**Scraped caption text data**
━━━━━━━━━━━━━━━━━━━━━━━━━━━━━━

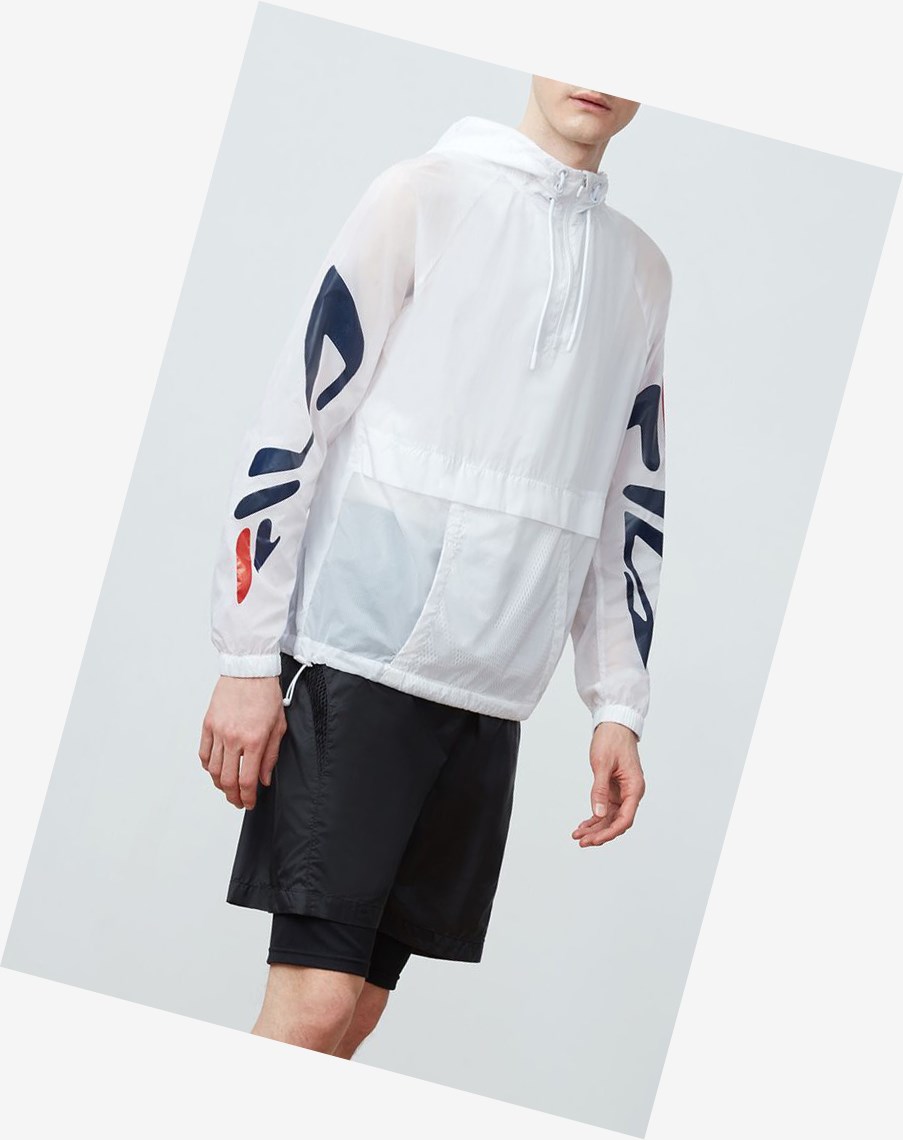 Fila Conrad Half Zip Jacket Wht/Peac/Cred | 92MZPJGUI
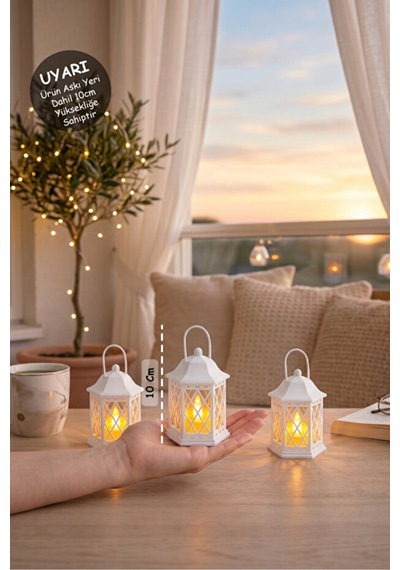 Balkon Süsü Mini Fener / 3 Lü Dekoratif Led Mumluk Seti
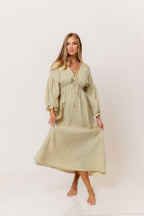 Hunter 100% Cotton Midi Dress in Green Haze Foliage - Bump Friendly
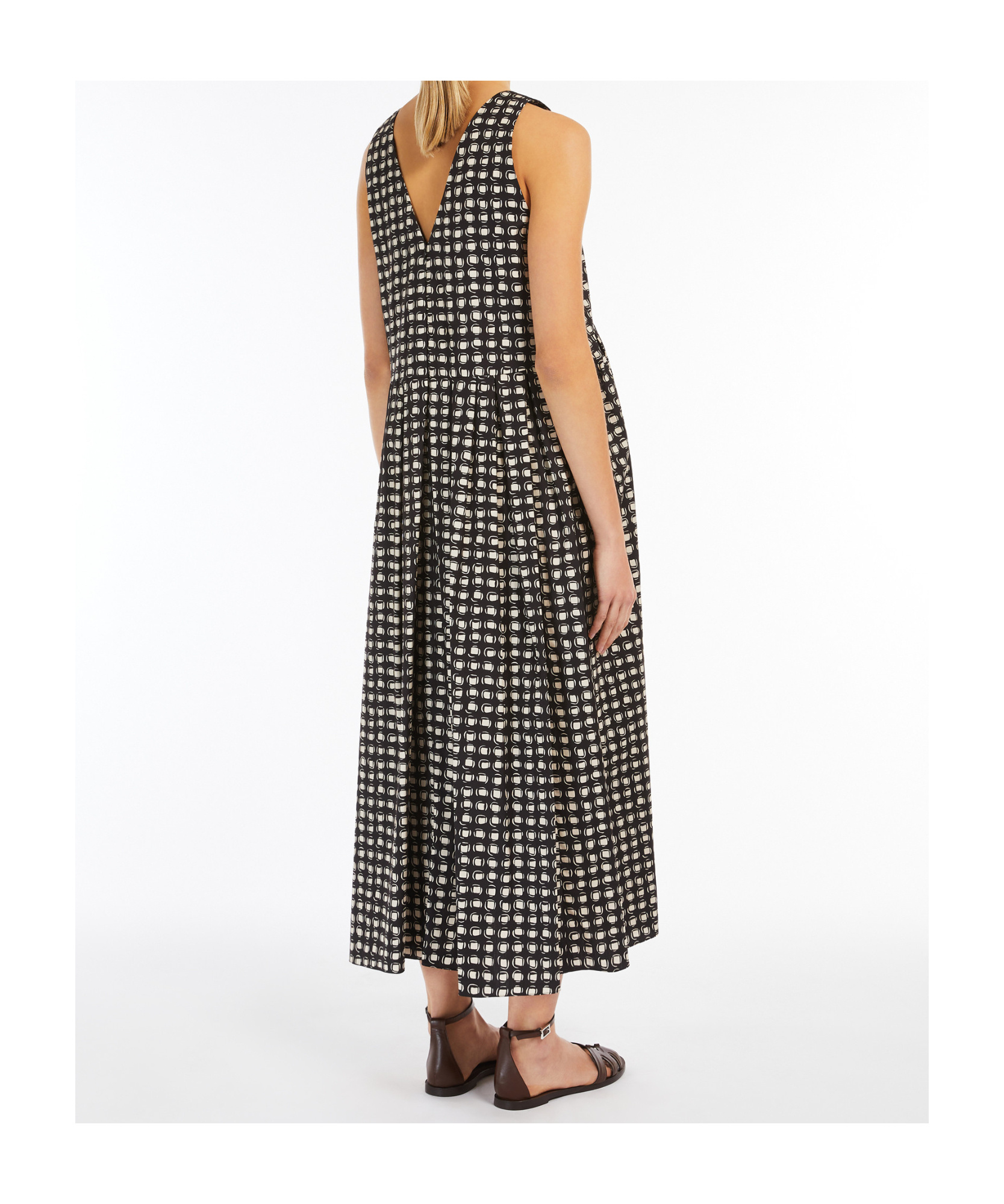 Max Mara Check Cotton Dress In Black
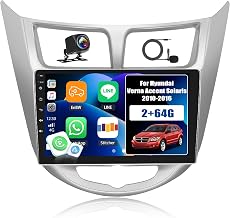 [2+64G] Android 15 Car Stereo for Hyundai Verna Accent Solaris 2010-2016 with Wireless Carplay&Android Auto,9 Inch Touch Screen Car Radio with Mirror Link Bluetooth FM/RDS Radio WiFi GPS EQ SWC
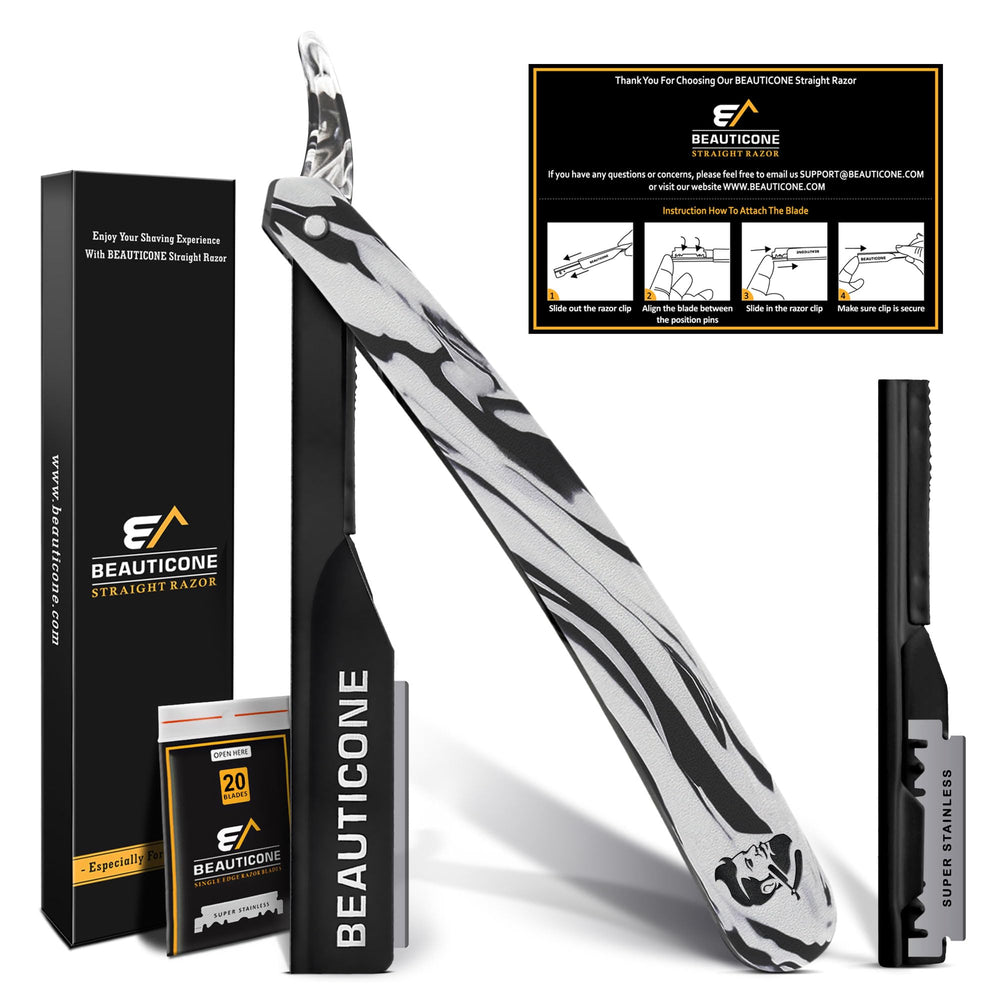 Beauticone rasoir droit professionnel avec kit de lames remplaçables pour salons.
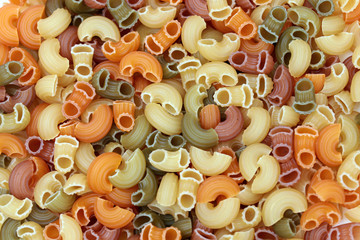 background of colored pasta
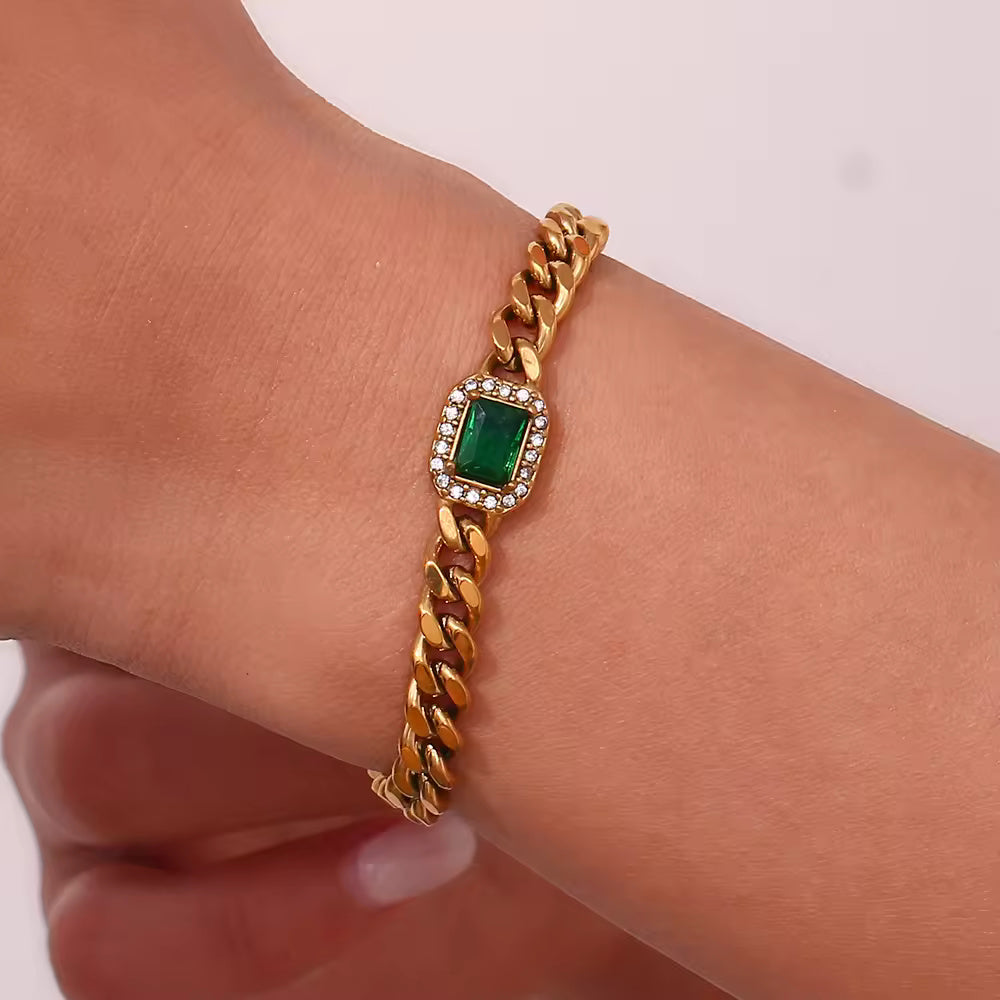 18KT Gold Plated Janet CZ Bracelet - Atulya Jewellers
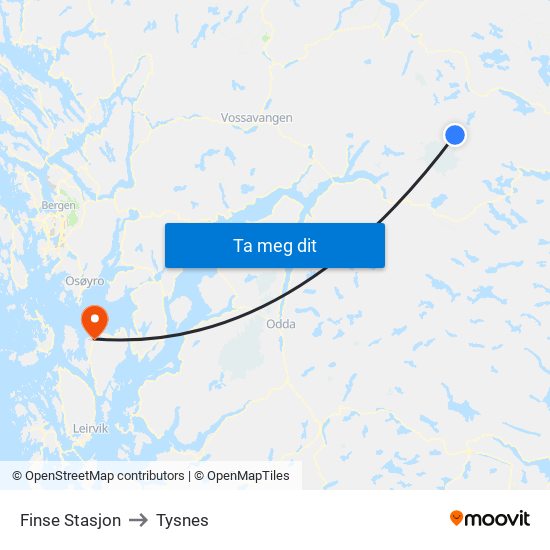 Finse Stasjon to Tysnes map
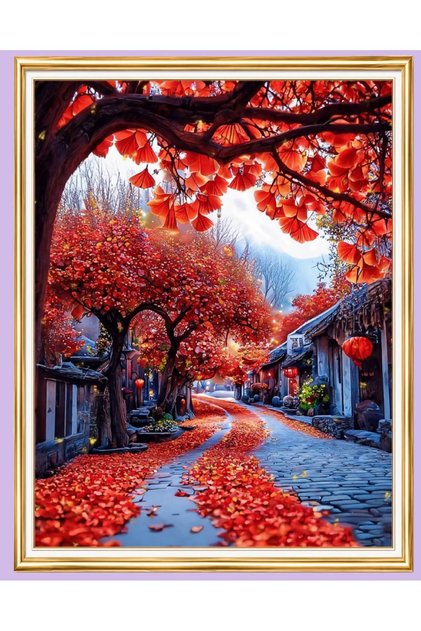 5D'li Elmas Boncuk Yapıştırma Taş İşleme Mozaik Goblen "Sonbahar" 50x40 cm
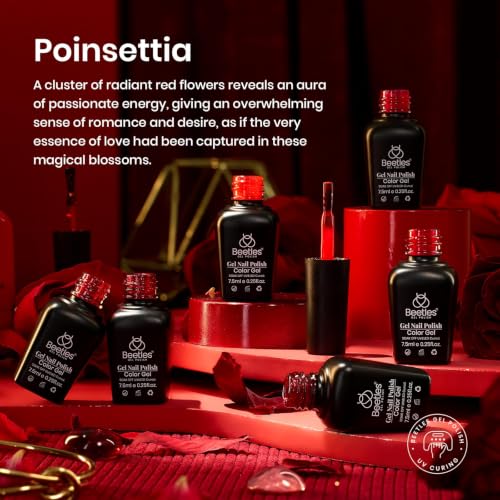 Beetles Red Gel Polish Set, 6 Colors Burgundy Wine Glitter Purple Gel Nail - color: 0-0-Poinsettia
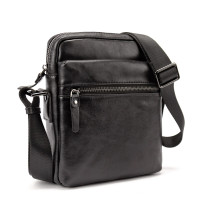 Месенджер класичний в гладкій шкірі чорний Tiding Bag 8717A-1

━━━━━━━━━━━━━━━━━━━━━━━━━━━━━━

**Work to be completed**
The records above should be returned word for word, with every picture left out.

**Response area**
 Fila Conrad Half Zip Jacket Wht/Peac/Cred | 92MZPJGUI
 Balkon Süsü Mini Fener / 3 Lü Dekoratif Led Mumluk Seti
 Hunter 100% Cotton Midi Dress in Green Haze Foliage - Bump Friendly
 Max Mara Check Cotton Dress In Black
 [2+64G] Android 15 Car Stereo for Hyundai Verna Accent Solaris 2010-2016 with Wireless Carplay&Android Auto,9 Inch Touch Screen Car Radio with Mirror Link Bluetooth FM/RDS Radio WiFi GPS EQ SWC
 Beauticone rasoir droit professionnel avec kit de lames remplaçables pour salons.
 background of colored pasta
 18KT Gold Plated Janet CZ Bracelet - Atulya Jewellers
 Finse Stasjon to Tysnes map
 5D'li Elmas Boncuk Yapıştırma Taş İşleme Mozaik Goblen "Sonbahar" 50x40 cm
 Beetles Red Gel Polish Set, 6 Colors Burgundy Wine Glitter Purple Gel Nail - color: 0-0-Poinsettia
 Месенджер класичний в гладкій шкірі чорний Tiding Bag 8717A-1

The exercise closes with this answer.